Starting Somewhere, Sharing Everywhere.

Essential Skill 1:  Reading Text  


Reading sentences or paragraphs. For example: notes, letters, emails, magazines, manuals, regulations, books, reports, product labels, legal agreements. Includes words on paper and words on a screen.


Essential Skill 2:  Document Use
                           
 


Understanding visual images such as graphs, lists, tables, drawings, symbols, signs, maps, labels, forms, x-rays. The visual display or arrangement gives meaning to the content.

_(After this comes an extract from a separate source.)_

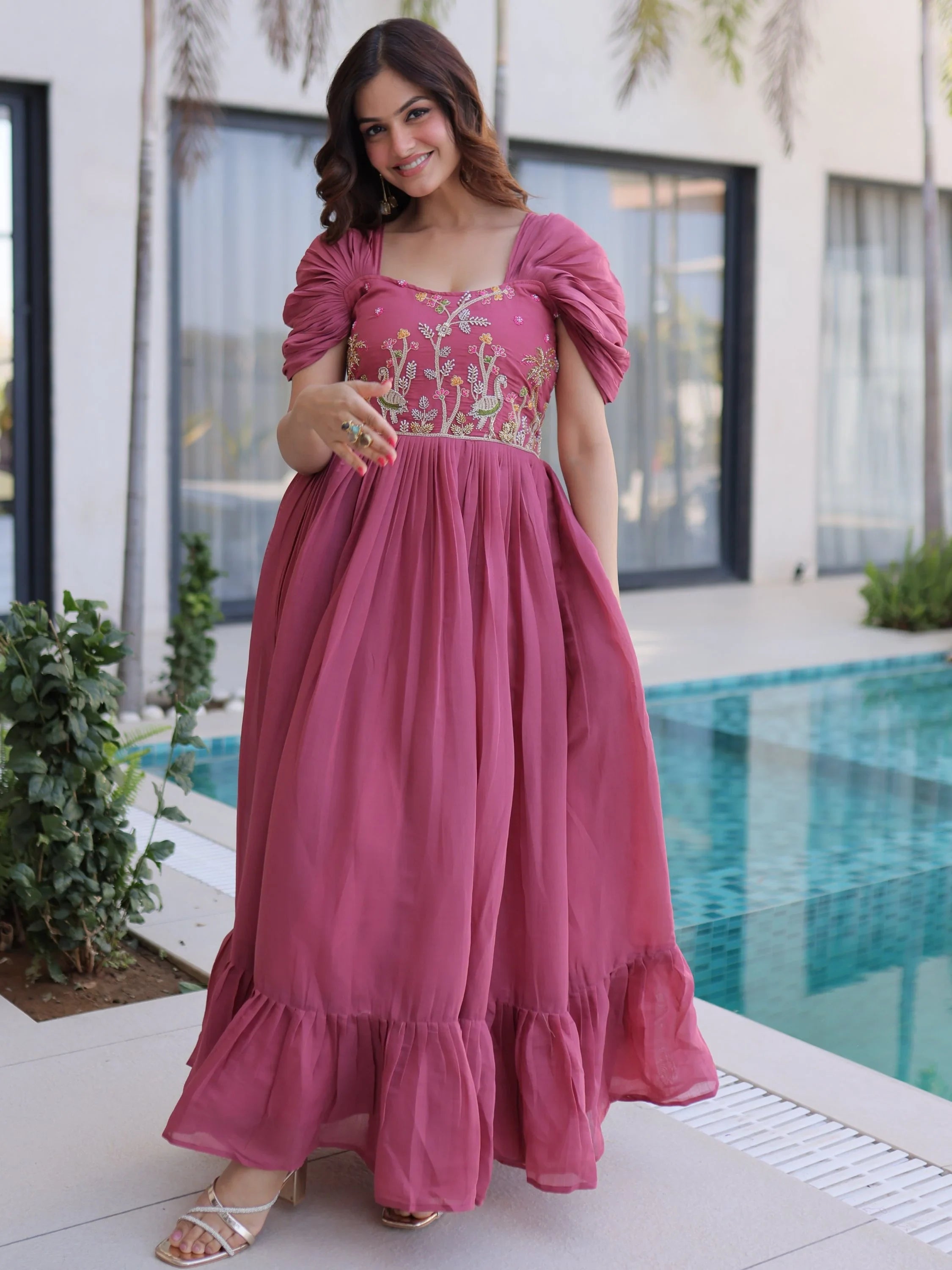 Rose Notable Bead Work Chanderi Festive Wear Dress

Essential Skill 3:  Numeracy  


Using numbers and being able to think in terms of “amounts”. For example: Money math, Scheduling or budgeting/accounting, Measurement/calculation, Data analysis, and Estimation may require solving problems by using numbers.

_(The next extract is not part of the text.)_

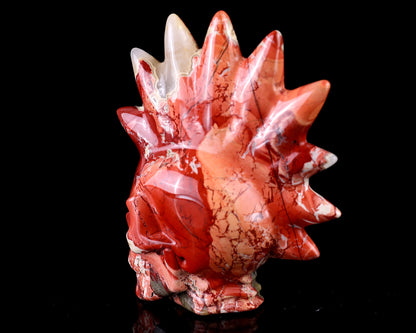 Unique 3.7" Red Jasper Hand Carved Crystal Punk Skull Sculpture Crystallumi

Essential Skill 4:  Writing   


Writing words to share ideas. For example: Writing notes, emails, letters, reports, orders, logbook entries, text messages. Includes “pen and paper” writing and keyboarding.

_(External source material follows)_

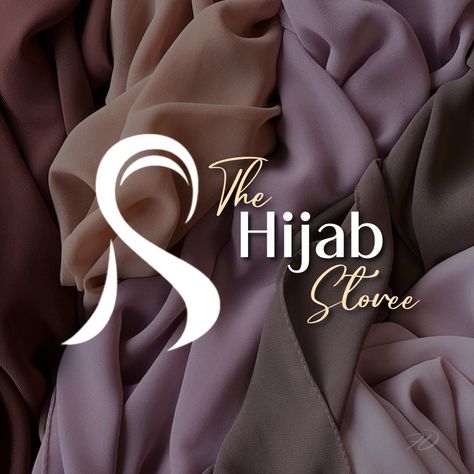 Scarf Logo Design Ideas, Logo Design Hijab, Abaya Logo Design Ideas, Hijab Logo Design Idea, Hijab Packaging, Hijab Business, Hijab Logo, Store Names Ideas, Girly Logo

Essential Skill 5:  Oral Communication
                           
 


Speaking and listening to share thoughts or information. For example: greeting, telling stories, giving advice, sharing ideas, facilitating, coordinating tasks, explaining, discussing. Can be face-to-face, or using technology.


Essential Skill 6:  Working With Others
                             
  


Interacting with family, friends, community members, students and co-workers to accomplish tasks together.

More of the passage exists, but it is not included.